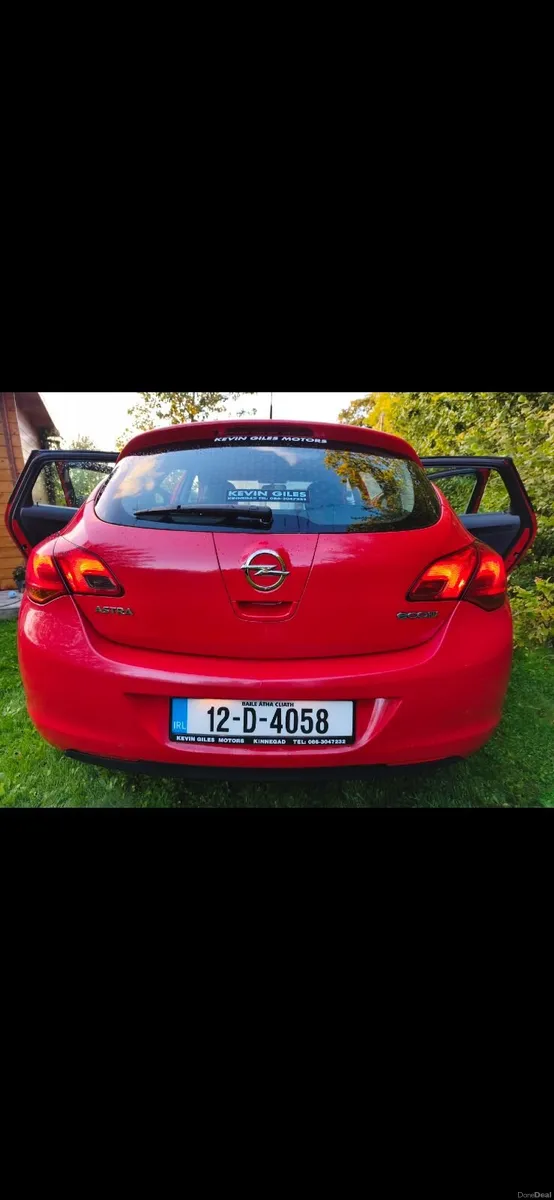 Opel Astra 2012 - Image 3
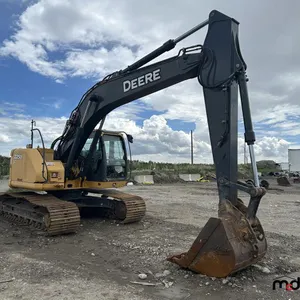2013 John Deere 225D LC Hydraulic Excavator
 UNRESERVED
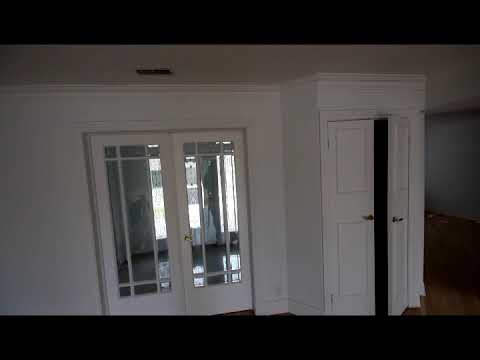 $3.4 Million Greater Toronto Area House Neighbours Want To See Gone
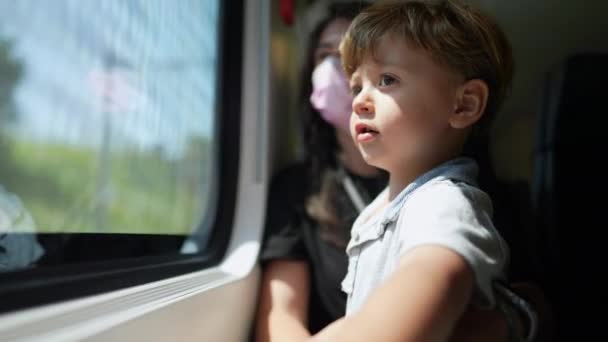 Ragazzino Pensieroso Che Viaggia Treno Con Madre Abbraccio Ragazzo Premuroso — Video Stock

+===+

• EXERCISE OBJECTIVE
The output should be the material above, copied exactly, without its pictures.

• TASK OUTPUT
 Opel Astra 2012 - Image 3
2013 John Deere 225D LC Hydraulic Excavator
 UNRESERVED
 $3.4 Million Greater Toronto Area House Neighbours Want To See Gone
 Ragazzino Pensieroso Che Viaggia Treno Con Madre Abbraccio Ragazzo Premuroso — Video Stock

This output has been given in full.